### ACTION ITEM
Everything from the line containing "ChemSpider 2D Image" to the last line of the material below must be retyped exactly, both ends included; skip the pictures.
------------------------------------
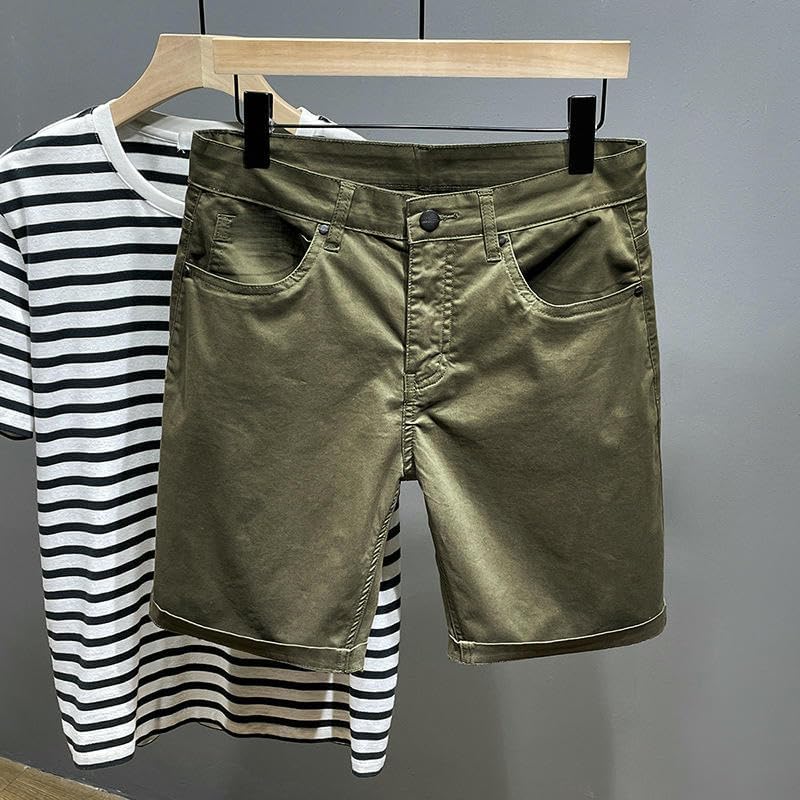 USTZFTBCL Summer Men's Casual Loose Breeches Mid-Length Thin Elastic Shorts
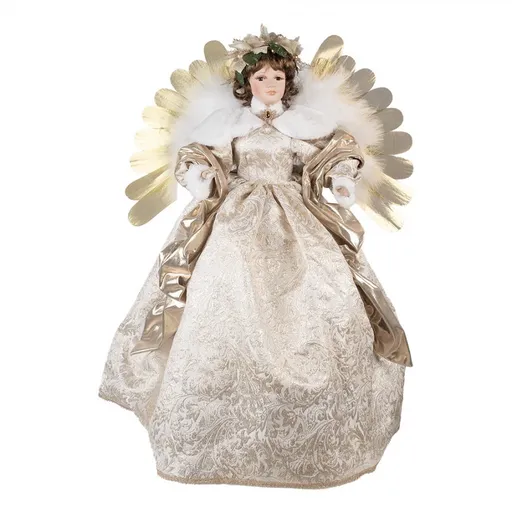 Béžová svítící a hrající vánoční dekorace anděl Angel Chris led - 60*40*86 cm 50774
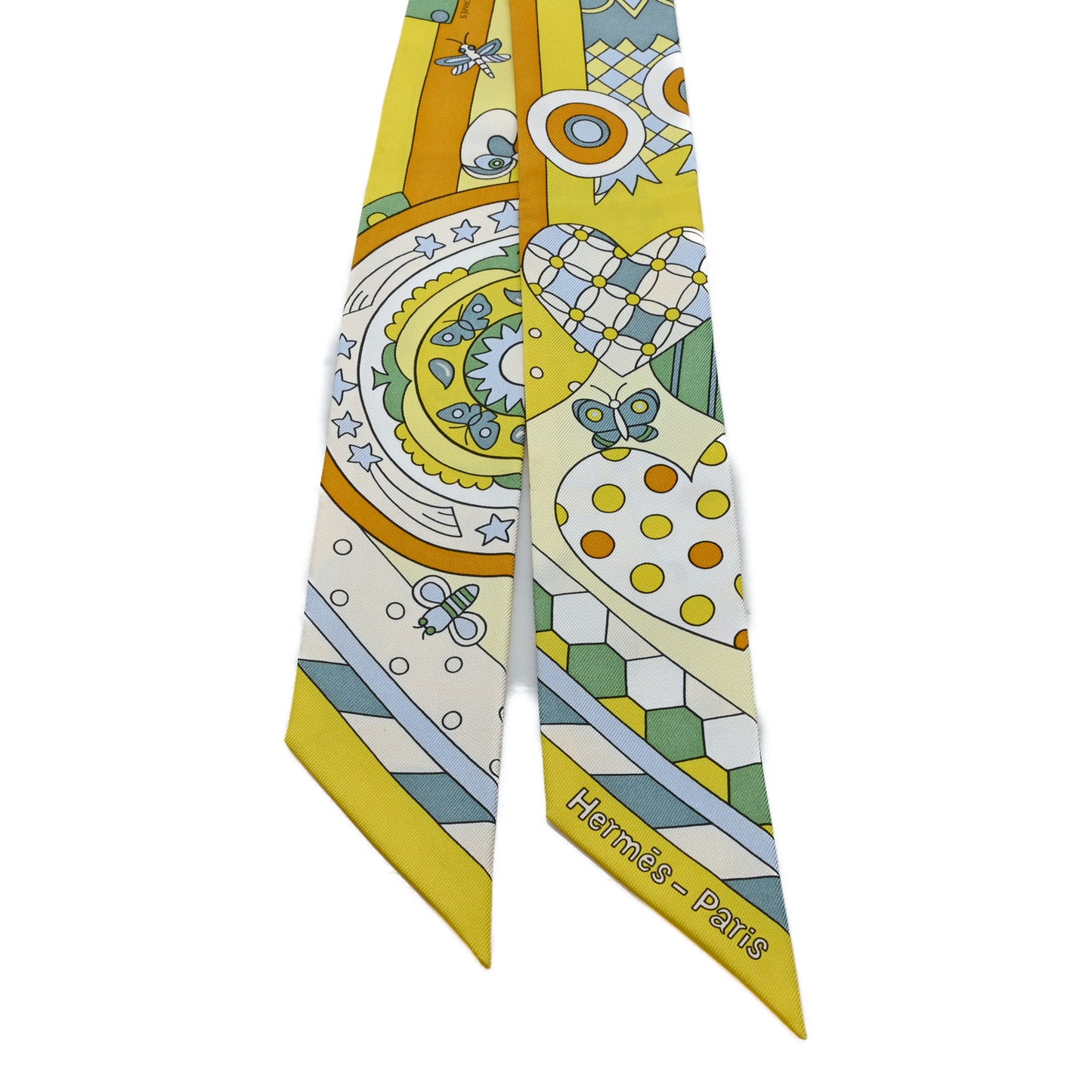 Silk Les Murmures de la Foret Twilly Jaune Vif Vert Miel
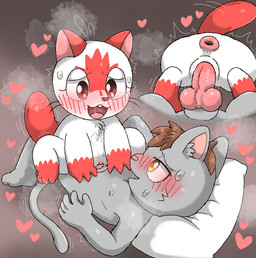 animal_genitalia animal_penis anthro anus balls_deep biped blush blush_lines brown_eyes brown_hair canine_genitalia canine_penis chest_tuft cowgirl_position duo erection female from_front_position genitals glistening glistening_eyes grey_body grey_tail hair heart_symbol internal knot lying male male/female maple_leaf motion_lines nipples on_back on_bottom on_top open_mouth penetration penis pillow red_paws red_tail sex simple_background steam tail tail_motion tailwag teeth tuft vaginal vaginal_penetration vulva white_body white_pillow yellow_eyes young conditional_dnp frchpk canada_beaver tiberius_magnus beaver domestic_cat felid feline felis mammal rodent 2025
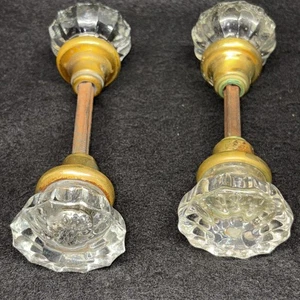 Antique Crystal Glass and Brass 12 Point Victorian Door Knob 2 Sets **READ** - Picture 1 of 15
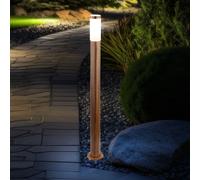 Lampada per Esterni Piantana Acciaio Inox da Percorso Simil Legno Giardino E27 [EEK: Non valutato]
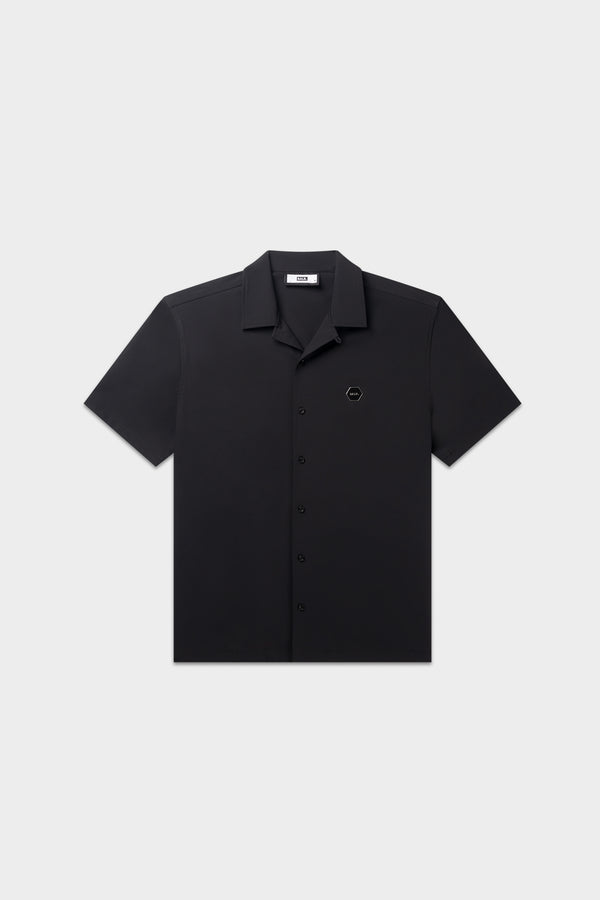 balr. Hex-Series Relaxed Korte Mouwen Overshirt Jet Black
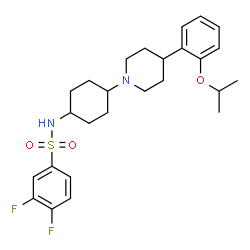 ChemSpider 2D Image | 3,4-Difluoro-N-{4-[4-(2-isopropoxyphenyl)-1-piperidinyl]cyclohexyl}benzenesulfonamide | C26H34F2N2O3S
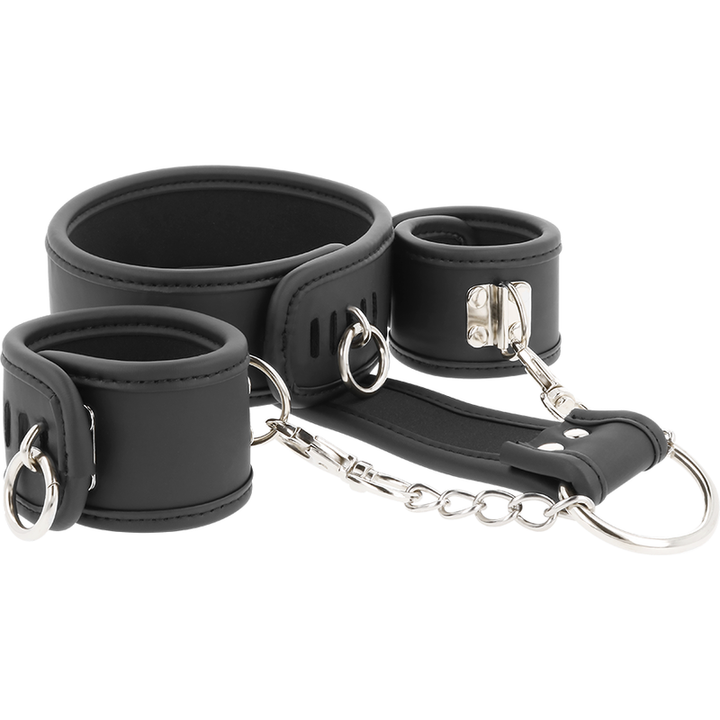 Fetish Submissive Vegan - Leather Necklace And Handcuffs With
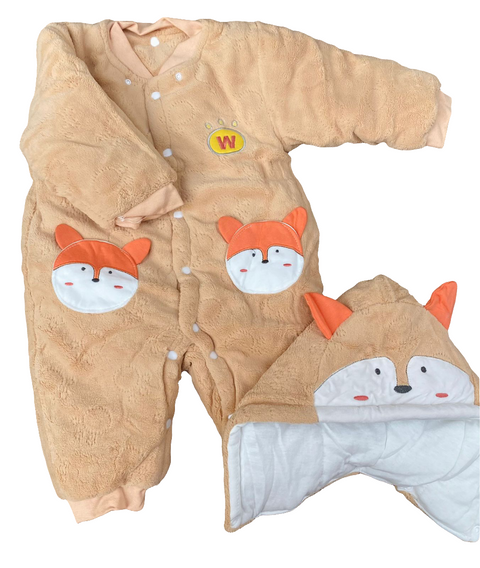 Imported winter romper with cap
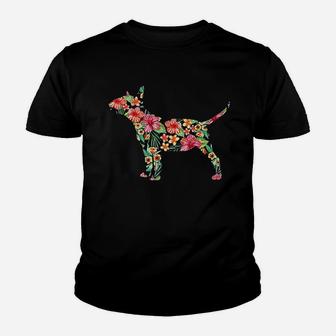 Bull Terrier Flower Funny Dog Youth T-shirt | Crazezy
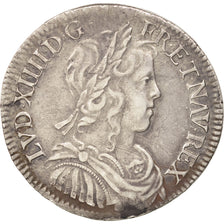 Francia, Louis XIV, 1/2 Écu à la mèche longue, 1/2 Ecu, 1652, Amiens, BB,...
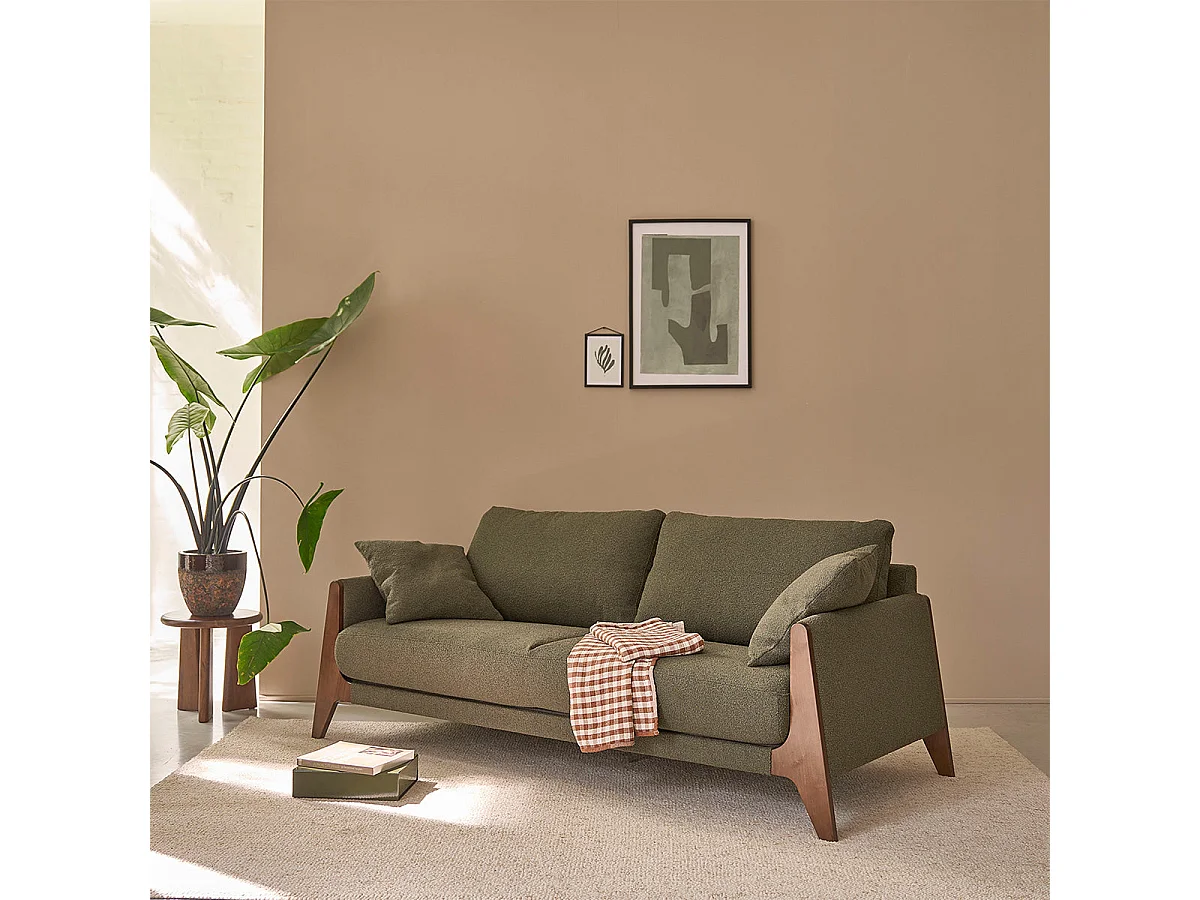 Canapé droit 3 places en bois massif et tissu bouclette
------------------------------------
### ANSWER TO THIS EXERCISE
 ChemSpider 2D Image | 3,4-Difluoro-N-{4-[4-(2-isopropoxyphenyl)-1-piperidinyl]cyclohexyl}benzenesulfonamide | C26H34F2N2O3S
 Fetish Submissive Vegan - Leather Necklace And Handcuffs With
 Imported winter romper with cap
 Bull Terrier Flower Funny Dog Youth T-shirt | Crazezy
 Francia, Louis XIV, 1/2 Écu à la mèche longue, 1/2 Ecu, 1652, Amiens, BB,...
 Canapé droit 3 places en bois massif et tissu bouclette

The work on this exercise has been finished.